Nx_datasets
Load common machine learning datasets and generate synthetic data for testing.
Overview
Nx_datasets provides two categories of data:
- Real datasets: Downloaded and cached locally (MNIST, CIFAR-10, Iris, etc.)
- Synthetic generators: Create data on-the-fly for testing (blobs, moons, regression problems)
Real datasets are automatically downloaded on first use and cached in your platform's cache directory.
Available Datasets Reference
Real Datasets
| Dataset | Function | Samples | Features | Task | 
|---|---|---|---|---|
| MNIST | load_mnist | 70,000 | 28×28×1 | Classification | 
| Fashion-MNIST | load_fashion_mnist | 70,000 | 28×28×1 | Classification | 
| CIFAR-10 | load_cifar10 | 60,000 | 32×32×3 | Classification | 
| Iris | load_iris | 150 | 4 | Classification | 
| Breast Cancer | load_breast_cancer | 569 | 30 | Classification | 
| Diabetes | load_diabetes | 442 | 10 | Regression | 
| California Housing | load_california_housing | 20,640 | 8 | Regression | 
| Airline Passengers | load_airline_passengers | 144 | 1 | Time Series | 
Synthetic Generators
| Generator | Function | Purpose | Parameters | 
|---|---|---|---|
| Gaussian Blobs | make_blobs | Clustering | centers, cluster_std | 
| Two Moons | make_moons | Non-linear classification | noise, n_samples | 
| Concentric Circles | make_circles | Non-linear classification | noise, factor | 
| Classification | make_classification | Controlled features | n_informative, n_redundant | 
| Regression | make_regression | Linear relationships | noise, n_features | 
| Friedman | make_friedman1/2/3 | Non-linear regression | - | 
| Swiss Roll | make_swiss_roll | Manifold learning | n_samples | 
| S-Curve | make_s_curve | Manifold learning | n_samples | 
Loading Real Datasets
Image Datasets
MNIST
Classic handwritten digits dataset:
let (x_train, y_train), (x_test, y_test) = Nx_datasets.load_mnist () in
Printf.printf "Train: %s, Test: %s\n" 
  (Nx.shape_to_string x_train) 
  (Nx.shape_to_string x_test)
(* Train: [60000, 28, 28, 1], Test: [10000, 28, 28, 1] *)
Images are uint8 arrays with values 0-255. Labels are single digits 0-9.
Fashion-MNIST
Clothing classification with the same format as MNIST:
let (x_train, y_train), (x_test, y_test) = Nx_datasets.load_fashion_mnist ()

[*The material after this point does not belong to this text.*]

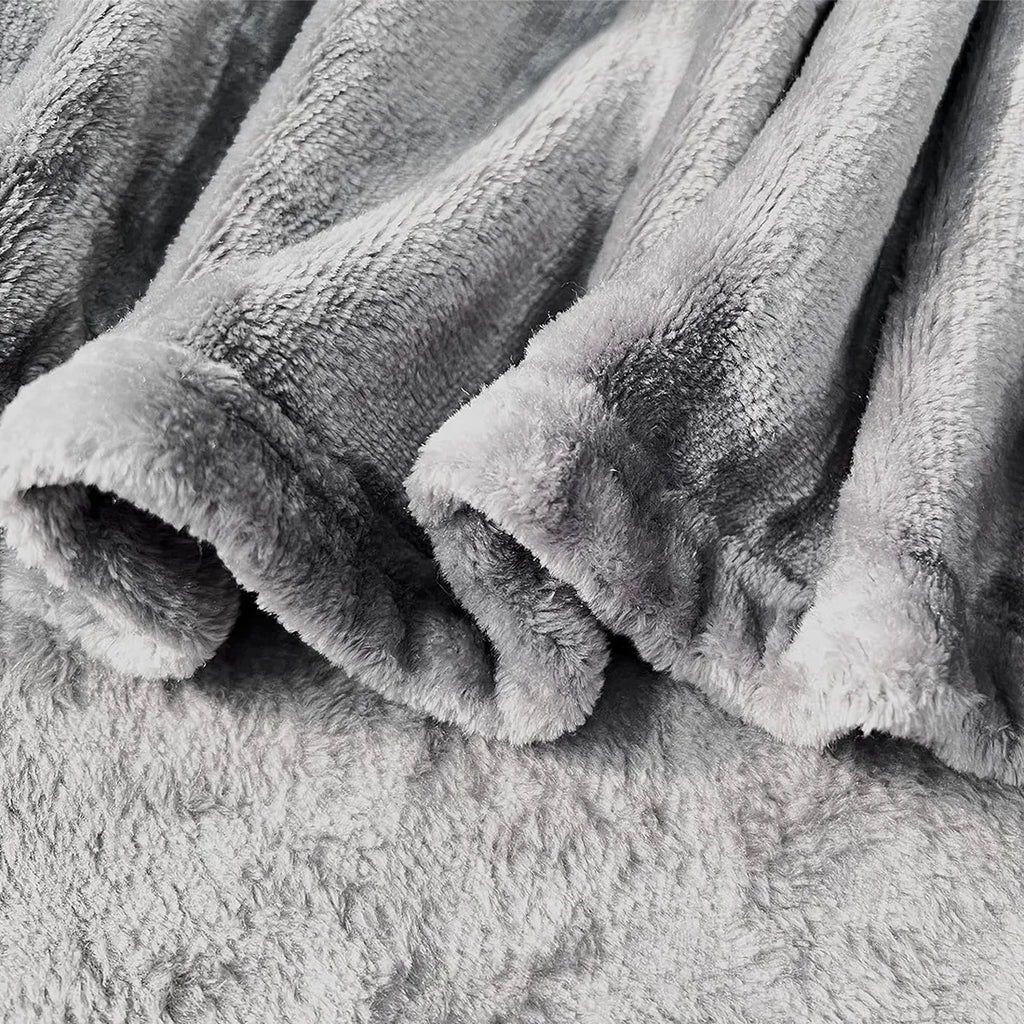 Manta HOMESOL® Soft Touch para cama y sofá, confeccionada en 100 % poliéster de microfibra, ligera y antiarrugas, perfecta para que adultos y niños se mantengan abrigados durante los días fríos. Una acogedora manta navideña para cualquier ocasión.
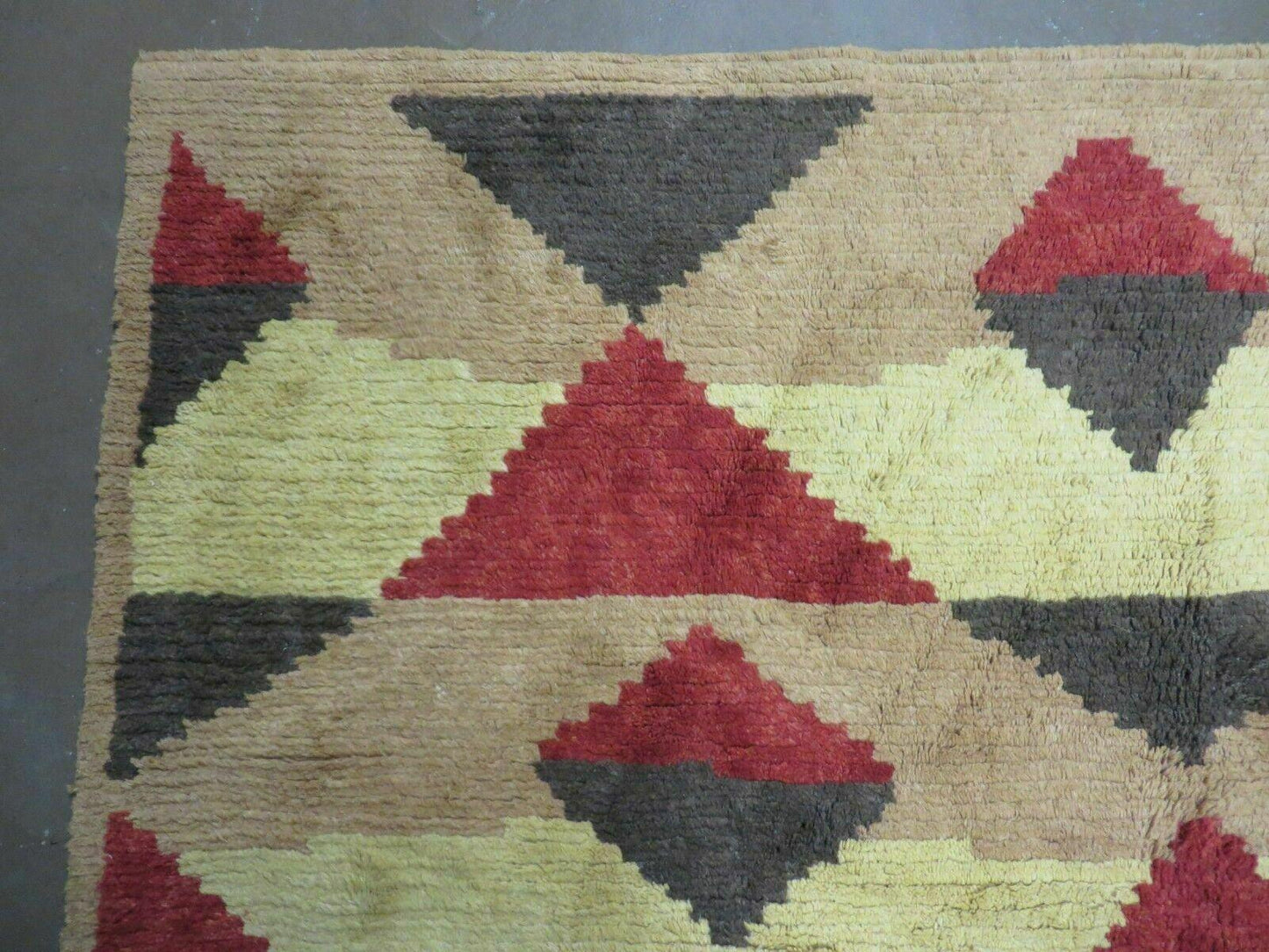 Handmade Tibetan Wool Rug Allover Pattern 68 x 98 Art Deco Contemporary Decor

(* 10 classes: T-shirt, Trouser, Pullover, Dress, Coat, Sandal, Shirt, Sneaker, Bag, Ankle boot *)
CIFAR-10
Color images in 10 categories:
let (x_train, y_train), (x_test, y_test) = Nx_datasets.load_cifar10 () in
(* x_train shape: [50000, 32, 32, 3] *)
(* Classes: airplane, automobile, bird, cat, deer, dog, frog, horse, ship, truck *)
Tabular Datasets
Iris
Classic flower classification:
let x, y = Nx_datasets.load_iris () in
(* x shape: [150, 4] - sepal length/width, petal length/width *)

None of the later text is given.